Tomgram: Noam Chomsky on War Crimes in Iraq
In the Vietnam era, the subject of war crimes was the last to arrive and the first to depart. When, in 1971 in Detroit, Vietnam Veterans Against the War convened its Winter Soldier Investigation into U.S. war crimes in Southeast Asia, it was roundly ignored by the media. Over 100 veterans gave firsthand testimony to war crimes they either committed or witnessed. Beyond the unbearable nature of their testimony, the hearings were startling for the fact that here were men who yearned to take some responsibility for what they had done. But while it was, by then, possible for Americans to accept the GI as a victim in Vietnam, it proved impossible for most Americans to accept him as a human being taking responsibility for a crime against humanity. There was no place for this in the American imagination, it seemed, no less for the thought that the planning and prosecution of the war were potential crimes committed by our leaders. Evidently there still is none, which is why it's important to follow Noam Chomsky back into the Iraq of recent years to consider the American occupation of that country in the context of war crimes.The piece that follows is an excerpt from Chomsky's new book, Failed States: The Abuse of Power and the Assault on Democracy, which is officially published on this very day. It is Chomsky at his best, a superb tour (de force) of a world in which the Bush administration has regularly asserted its right to launch "preventive" military interventions against "failed" and "rogue" states, while increasingly taking on the characteristics of those failed and rogue states itself. It will be an indispensable volume for any library. (You can check out a Chomsky discussion of it at Democracy Now!) Tom
Returning to the Scene of the Crime
War Crimes in Iraq
By Noam Chomsky
[This piece is adapted from Chapter 2 of Noam Chomsky's newest book, Failed States: The Abuse of Power and the Assault on Democracy (New York: Metropolitan Books, 2006).]
In 2002, White House counsel Alberto Gonzales passed on to Bush a memorandum on torture by the Justice Department's Office of Legal Counsel (OLC). As noted by constitutional scholar Sanford Levinson: "According to the OLC, ‘acts must be of an extreme nature to rise to the level of torture… Physical pain amounting to torture must be equivalent in intensity to the pain accompanying serious physical injury, such as organ failure, impairment of bodily function, or even death.'" Levinson goes on to say that in the view of Jay Bybee, then head of the OLC, "The infliction of anything less intense than such extreme pain would not, technically speaking, be torture at all. It would merely be inhuman and degrading treatment, a subject of little apparent concern to the Bush administration's lawyers."

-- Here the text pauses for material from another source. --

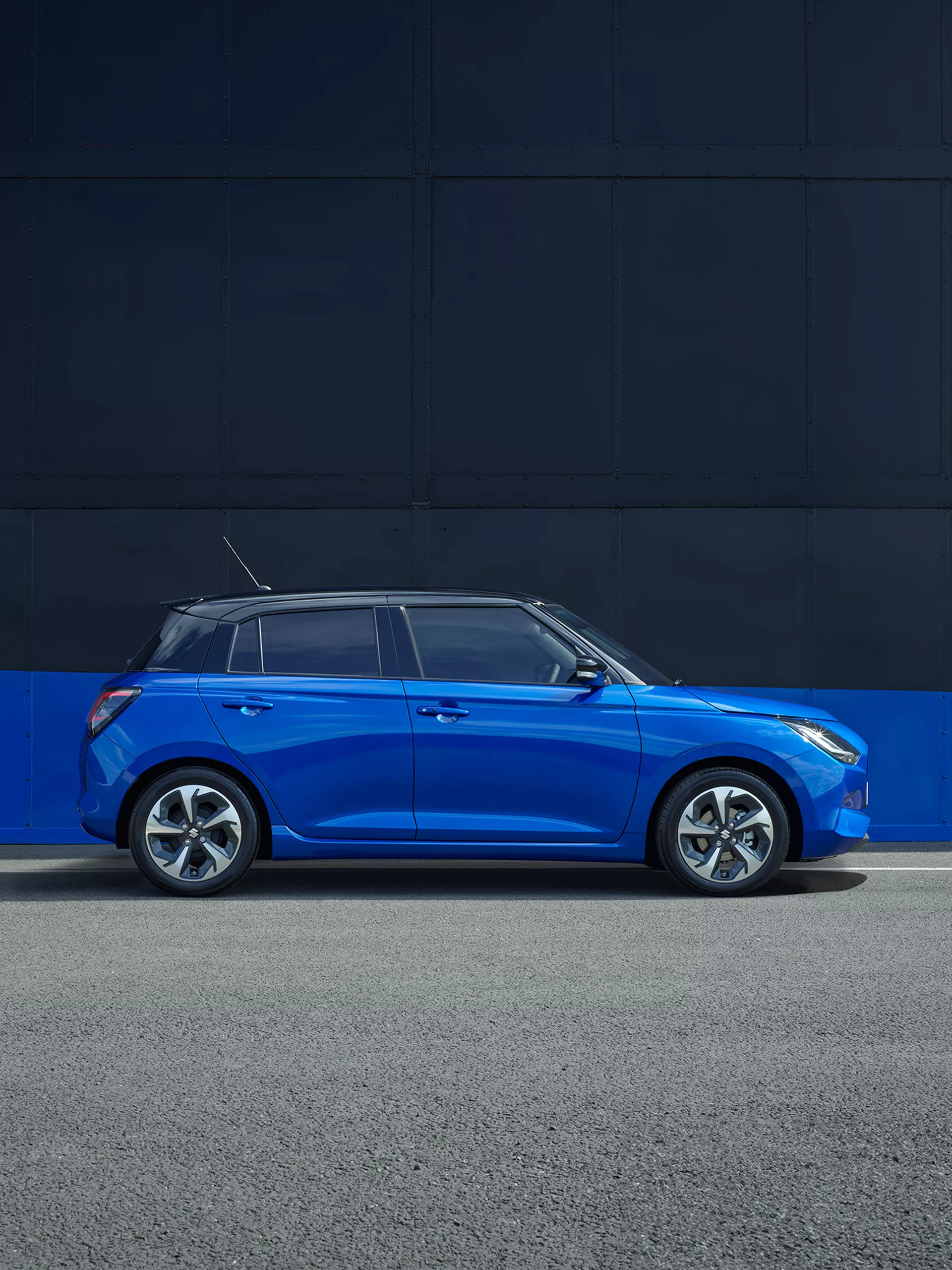 Side view of the Suzuki Swift Hybrid parked in frontier blue and super black.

Gonzales further advised President Bush to effectively rescind the Geneva Conventions, which, despite being "the supreme law of the land" and the foundation of contemporary international law, contained provisions Gonzales determined to be "quaint" and "obsolete." Rescinding the conventions, he informed Bush, "substantially reduces the threat of domestic criminal prosecution under the War Crimes Act." Passed in 1996, the act carries severe penalties for "grave breaches" of the conventions: the death penalty, "if death results to the victim" of the breach. Gonzales was later appointed to be attorney general and would probably have been a Supreme Court nominee if Bush's constituency did not regard him as "too liberal."